There are some legal avenues under state and territory law as well, with acts in all jurisdictions outlawing advertising of health services that are deceptive or misleading. It could also be possible to lodge a complaint with the Australian Psychological Society that their code of ethics has been breached.

However, there is no black and white policy solution to immediately ending conversion therapy.

“It’s all just prejudice welded onto quackery packaged by a religious organisation,” says Perrett.

“I think education is the best antidote.”

De Joodt’s conversion journey reached a fork in 2005. His conversion counsellor at the time, CEO of Liberty Incorporated Paul Wegner, told him “I can help you suppress your sexual desires, but I can’t help you change your sexual orientation”.

“I was like, ‘Well, what’s the point?” says De Joodt. “If you take a ball and try to push it in a bucket of water and let go, it’s going to eventually pop up.”

He came out, lost “a lot of people”, and left his Pentecostal church. He went to the LGBT-friendly Metropolitan Community Church for a few years, and then stopped that, too. But God is still in his life.

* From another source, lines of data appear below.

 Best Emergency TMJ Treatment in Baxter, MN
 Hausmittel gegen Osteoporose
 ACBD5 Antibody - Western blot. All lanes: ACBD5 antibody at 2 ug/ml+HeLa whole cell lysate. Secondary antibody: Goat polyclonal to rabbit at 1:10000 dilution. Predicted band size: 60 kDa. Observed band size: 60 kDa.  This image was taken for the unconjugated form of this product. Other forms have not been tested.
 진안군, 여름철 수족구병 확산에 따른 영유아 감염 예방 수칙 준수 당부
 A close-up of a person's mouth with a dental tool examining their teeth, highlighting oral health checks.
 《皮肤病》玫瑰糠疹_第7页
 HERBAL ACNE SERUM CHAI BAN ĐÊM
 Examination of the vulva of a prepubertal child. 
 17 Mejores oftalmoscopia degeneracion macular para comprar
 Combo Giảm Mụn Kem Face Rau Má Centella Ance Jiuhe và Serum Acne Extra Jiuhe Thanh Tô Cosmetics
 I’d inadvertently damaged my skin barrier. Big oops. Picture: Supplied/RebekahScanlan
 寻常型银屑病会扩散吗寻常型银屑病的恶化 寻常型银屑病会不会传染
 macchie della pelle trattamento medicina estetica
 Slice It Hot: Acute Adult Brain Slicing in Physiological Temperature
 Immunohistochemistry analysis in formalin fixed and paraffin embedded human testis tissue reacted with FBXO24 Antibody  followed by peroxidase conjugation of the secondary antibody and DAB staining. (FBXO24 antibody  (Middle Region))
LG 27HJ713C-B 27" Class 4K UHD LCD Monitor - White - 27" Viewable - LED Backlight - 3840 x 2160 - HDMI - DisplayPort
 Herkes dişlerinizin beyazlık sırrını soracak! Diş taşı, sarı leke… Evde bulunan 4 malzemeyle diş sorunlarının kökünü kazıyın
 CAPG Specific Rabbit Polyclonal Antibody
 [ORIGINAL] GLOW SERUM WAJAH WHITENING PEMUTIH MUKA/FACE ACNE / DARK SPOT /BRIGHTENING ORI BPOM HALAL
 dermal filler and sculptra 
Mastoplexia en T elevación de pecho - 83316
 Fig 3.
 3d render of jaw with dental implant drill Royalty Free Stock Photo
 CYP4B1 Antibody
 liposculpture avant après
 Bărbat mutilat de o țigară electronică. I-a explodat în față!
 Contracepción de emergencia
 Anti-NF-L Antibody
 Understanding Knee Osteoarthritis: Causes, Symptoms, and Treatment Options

“I have days where I feel like a Christian, and there are other days where I feel like I hate God,” he says.

“I think I’ve resolved my sexuality with my faith. If people want to be so small-minded as to think that you have to be straight to get into heaven then I think they’re going to get a big shock when they do get to heaven.”

A pause, and then: “I think God is bigger than the box you put God into.”

It’s because of this new understanding of faith, says De Joodt, that he doesn’t relapse into wanting to be straight again. “I’ve come to a point where I believe I need to be honest before myself, and before my God.”

“There’s a famous saying, isn’t there?” He thinks aloud. “Change what you can change and leave the rest to God? Or something like that. Accept the things you can’t change?”

A quick Google search later, it becomes apparent De Joodt was trying to recall the words of the Serenity Prayer, brought into popular culture by its widespread use in Alcoholics Anonymous meetings:

God, grant me the serenity to accept the things I cannot change / The courage to change the things I can / And the wisdom to know the difference.

It took years of anguish, but finally, De Joodt has been granted that serenity. He knows the difference, too.

“If God wanted just another heterosexual, God could have created one, but instead God created me fabulous,” he says.

“My sexual orientation is something I cannot change.”


A spokesperson for Liberty Christian Ministries declined a request to be interviewed for this piece. Requests sent to Liberty Incorporated and Triumphant Ministries Toowoomba were not responded to.